Quote the entries below from the line with "New 2026 GMC" through the line with "Building Photo - 2614 Orchard Creek Ln", both ends included, and only those lines.

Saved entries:
##############################

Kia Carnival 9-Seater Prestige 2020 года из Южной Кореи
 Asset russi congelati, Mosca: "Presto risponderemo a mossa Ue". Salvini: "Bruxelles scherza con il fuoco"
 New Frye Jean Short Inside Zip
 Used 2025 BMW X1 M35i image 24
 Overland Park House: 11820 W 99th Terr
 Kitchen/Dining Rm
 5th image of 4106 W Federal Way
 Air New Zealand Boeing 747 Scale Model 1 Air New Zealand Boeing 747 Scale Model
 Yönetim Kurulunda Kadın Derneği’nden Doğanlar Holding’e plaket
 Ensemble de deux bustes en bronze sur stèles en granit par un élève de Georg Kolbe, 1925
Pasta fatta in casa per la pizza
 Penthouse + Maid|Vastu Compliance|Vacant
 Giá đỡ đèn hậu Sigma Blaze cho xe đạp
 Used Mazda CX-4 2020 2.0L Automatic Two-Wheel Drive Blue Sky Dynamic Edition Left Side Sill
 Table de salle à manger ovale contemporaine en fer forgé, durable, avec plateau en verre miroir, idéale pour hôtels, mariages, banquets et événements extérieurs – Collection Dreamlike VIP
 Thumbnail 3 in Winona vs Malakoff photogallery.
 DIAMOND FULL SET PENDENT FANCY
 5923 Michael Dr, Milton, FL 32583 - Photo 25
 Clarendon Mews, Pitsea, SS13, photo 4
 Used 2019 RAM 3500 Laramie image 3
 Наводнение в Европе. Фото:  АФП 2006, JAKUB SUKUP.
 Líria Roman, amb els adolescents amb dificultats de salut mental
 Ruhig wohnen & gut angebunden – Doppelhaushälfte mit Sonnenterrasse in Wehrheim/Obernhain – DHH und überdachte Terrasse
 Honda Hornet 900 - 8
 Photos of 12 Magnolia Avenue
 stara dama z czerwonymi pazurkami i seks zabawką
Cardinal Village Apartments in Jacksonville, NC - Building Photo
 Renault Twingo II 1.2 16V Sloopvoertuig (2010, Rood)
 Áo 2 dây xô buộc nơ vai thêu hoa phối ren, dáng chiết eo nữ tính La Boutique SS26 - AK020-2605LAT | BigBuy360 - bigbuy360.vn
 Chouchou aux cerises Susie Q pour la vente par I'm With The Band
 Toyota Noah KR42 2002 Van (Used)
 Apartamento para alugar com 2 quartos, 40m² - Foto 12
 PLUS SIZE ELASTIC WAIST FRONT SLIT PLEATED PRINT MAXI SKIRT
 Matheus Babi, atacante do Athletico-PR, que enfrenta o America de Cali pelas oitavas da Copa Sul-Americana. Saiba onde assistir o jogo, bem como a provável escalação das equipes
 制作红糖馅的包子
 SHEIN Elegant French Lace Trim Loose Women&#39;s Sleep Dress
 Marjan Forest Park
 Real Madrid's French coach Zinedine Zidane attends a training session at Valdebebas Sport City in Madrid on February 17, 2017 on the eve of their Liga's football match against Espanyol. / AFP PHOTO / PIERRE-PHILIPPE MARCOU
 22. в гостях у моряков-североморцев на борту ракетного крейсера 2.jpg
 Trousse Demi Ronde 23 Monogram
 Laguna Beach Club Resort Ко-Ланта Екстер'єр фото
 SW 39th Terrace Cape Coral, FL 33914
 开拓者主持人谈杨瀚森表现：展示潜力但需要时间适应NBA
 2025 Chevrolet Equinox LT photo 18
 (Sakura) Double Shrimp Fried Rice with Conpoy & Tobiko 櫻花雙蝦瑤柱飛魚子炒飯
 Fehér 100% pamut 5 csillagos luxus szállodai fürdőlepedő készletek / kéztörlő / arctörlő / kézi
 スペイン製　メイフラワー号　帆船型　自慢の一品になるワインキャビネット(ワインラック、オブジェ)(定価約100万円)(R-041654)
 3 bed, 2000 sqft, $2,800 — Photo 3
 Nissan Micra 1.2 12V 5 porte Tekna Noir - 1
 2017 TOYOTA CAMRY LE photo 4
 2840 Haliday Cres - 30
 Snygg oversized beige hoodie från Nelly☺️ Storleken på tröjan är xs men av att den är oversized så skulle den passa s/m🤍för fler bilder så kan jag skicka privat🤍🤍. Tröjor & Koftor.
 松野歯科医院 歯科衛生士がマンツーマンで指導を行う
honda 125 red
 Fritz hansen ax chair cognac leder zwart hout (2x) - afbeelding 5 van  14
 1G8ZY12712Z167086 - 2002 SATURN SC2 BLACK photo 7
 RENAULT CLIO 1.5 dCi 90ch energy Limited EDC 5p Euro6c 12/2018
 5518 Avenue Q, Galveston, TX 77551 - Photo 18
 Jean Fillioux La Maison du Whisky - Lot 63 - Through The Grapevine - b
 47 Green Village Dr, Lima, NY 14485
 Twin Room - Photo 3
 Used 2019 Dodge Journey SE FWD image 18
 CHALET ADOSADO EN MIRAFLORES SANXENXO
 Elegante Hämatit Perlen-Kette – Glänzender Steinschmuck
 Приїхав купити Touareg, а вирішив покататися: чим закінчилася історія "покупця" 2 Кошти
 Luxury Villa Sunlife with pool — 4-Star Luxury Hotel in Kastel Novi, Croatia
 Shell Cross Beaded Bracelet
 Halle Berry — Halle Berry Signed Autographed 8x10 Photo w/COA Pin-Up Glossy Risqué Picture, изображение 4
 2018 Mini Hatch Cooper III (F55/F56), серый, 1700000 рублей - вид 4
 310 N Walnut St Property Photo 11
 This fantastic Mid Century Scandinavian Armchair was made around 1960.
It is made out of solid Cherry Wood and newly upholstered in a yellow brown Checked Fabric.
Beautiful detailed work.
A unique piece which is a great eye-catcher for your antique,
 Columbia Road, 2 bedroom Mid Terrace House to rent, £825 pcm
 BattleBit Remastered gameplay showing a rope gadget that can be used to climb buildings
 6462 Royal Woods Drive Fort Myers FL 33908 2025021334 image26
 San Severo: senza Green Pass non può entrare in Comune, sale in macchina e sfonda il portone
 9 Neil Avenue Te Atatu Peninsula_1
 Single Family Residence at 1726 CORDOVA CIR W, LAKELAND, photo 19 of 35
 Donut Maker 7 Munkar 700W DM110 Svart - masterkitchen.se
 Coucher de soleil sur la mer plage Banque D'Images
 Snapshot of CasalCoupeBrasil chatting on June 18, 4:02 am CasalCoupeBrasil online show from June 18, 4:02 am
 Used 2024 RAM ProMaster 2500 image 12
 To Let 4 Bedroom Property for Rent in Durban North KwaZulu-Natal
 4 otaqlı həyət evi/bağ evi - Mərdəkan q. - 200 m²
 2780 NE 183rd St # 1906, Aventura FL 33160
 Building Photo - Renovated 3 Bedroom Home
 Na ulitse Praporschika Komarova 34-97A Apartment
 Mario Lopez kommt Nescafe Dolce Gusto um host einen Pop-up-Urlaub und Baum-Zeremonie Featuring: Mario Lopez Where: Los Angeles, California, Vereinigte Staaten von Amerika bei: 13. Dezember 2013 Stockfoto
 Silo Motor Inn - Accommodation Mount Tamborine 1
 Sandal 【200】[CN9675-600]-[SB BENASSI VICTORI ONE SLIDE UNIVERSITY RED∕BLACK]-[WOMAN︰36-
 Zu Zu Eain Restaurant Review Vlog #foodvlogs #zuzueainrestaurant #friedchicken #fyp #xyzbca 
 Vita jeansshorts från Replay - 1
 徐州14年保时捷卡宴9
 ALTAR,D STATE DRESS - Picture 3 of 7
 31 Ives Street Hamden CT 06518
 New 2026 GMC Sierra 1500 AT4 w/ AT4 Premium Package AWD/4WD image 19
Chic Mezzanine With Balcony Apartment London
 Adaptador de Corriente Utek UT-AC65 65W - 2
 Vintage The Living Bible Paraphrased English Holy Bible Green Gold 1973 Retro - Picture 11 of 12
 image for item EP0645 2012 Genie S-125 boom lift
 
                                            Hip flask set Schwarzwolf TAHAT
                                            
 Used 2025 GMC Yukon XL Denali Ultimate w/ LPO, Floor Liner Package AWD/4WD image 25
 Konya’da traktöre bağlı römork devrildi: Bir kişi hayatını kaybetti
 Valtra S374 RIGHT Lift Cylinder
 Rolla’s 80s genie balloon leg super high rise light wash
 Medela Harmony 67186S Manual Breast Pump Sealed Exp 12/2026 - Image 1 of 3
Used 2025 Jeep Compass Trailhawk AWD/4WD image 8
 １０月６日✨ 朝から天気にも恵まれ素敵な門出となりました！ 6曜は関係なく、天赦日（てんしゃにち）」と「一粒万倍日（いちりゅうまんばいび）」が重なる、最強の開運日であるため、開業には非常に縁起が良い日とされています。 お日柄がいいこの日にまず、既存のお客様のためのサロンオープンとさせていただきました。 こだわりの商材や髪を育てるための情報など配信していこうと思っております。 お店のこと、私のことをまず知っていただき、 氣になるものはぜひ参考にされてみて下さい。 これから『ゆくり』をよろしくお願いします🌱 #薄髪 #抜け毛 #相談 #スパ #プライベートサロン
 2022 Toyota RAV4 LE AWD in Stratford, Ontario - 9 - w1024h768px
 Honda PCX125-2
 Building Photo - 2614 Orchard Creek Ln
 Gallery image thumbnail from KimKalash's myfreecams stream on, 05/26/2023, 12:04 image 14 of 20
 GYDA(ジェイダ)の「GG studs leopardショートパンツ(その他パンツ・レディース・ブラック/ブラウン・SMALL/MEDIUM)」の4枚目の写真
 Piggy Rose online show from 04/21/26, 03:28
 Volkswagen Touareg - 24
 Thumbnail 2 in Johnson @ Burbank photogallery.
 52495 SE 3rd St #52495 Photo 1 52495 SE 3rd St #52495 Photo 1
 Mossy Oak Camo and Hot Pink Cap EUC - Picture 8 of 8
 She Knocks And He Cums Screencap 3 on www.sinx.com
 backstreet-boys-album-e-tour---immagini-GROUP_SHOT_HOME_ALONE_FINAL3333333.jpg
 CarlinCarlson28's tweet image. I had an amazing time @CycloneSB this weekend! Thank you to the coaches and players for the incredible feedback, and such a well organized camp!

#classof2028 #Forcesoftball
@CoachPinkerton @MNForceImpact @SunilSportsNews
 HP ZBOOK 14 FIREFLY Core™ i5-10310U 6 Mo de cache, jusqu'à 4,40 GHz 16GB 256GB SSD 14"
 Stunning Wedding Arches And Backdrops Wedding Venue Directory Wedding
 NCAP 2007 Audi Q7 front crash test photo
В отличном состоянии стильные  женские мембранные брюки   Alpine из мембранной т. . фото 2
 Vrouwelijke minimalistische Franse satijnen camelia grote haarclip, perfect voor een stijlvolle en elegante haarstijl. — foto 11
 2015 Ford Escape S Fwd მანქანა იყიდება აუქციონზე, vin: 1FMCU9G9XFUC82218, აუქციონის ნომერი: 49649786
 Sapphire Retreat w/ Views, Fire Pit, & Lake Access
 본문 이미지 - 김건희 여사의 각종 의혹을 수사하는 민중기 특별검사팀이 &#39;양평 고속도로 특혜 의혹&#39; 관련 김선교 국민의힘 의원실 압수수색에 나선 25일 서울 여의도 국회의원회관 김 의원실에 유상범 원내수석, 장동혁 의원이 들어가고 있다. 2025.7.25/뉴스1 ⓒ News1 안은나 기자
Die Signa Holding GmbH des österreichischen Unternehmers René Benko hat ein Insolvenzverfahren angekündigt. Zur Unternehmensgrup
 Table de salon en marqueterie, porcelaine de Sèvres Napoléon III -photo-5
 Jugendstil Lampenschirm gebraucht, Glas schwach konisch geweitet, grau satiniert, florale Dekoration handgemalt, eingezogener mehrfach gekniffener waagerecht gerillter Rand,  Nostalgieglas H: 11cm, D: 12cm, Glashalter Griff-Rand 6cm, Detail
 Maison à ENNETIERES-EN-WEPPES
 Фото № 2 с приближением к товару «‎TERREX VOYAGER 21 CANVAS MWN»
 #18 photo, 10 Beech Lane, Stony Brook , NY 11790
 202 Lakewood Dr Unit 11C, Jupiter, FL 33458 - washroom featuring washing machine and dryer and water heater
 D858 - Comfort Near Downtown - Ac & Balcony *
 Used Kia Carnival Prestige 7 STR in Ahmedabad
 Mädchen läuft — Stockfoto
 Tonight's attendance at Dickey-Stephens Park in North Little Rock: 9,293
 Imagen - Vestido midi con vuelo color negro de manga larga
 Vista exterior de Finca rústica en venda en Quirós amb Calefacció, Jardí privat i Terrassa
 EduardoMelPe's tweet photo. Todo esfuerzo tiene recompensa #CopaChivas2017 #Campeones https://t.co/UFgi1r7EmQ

##############################

• _OUTPUT_
 New 2026 GMC Sierra 1500 AT4 w/ AT4 Premium Package AWD/4WD image 19
Chic Mezzanine With Balcony Apartment London
 Adaptador de Corriente Utek UT-AC65 65W - 2
 Vintage The Living Bible Paraphrased English Holy Bible Green Gold 1973 Retro - Picture 11 of 12
 image for item EP0645 2012 Genie S-125 boom lift
 
                                            Hip flask set Schwarzwolf TAHAT
                                            
 Used 2025 GMC Yukon XL Denali Ultimate w/ LPO, Floor Liner Package AWD/4WD image 25
 Konya’da traktöre bağlı römork devrildi: Bir kişi hayatını kaybetti
 Valtra S374 RIGHT Lift Cylinder
 Rolla’s 80s genie balloon leg super high rise light wash
 Medela Harmony 67186S Manual Breast Pump Sealed Exp 12/2026 - Image 1 of 3
Used 2025 Jeep Compass Trailhawk AWD/4WD image 8
 １０月６日✨ 朝から天気にも恵まれ素敵な門出となりました！ 6曜は関係なく、天赦日（てんしゃにち）」と「一粒万倍日（いちりゅうまんばいび）」が重なる、最強の開運日であるため、開業には非常に縁起が良い日とされています。 お日柄がいいこの日にまず、既存のお客様のためのサロンオープンとさせていただきました。 こだわりの商材や髪を育てるための情報など配信していこうと思っております。 お店のこと、私のことをまず知っていただき、 氣になるものはぜひ参考にされてみて下さい。 これから『ゆくり』をよろしくお願いします🌱 #薄髪 #抜け毛 #相談 #スパ #プライベートサロン
 2022 Toyota RAV4 LE AWD in Stratford, Ontario - 9 - w1024h768px
 Honda PCX125-2
 Building Photo - 2614 Orchard Creek Ln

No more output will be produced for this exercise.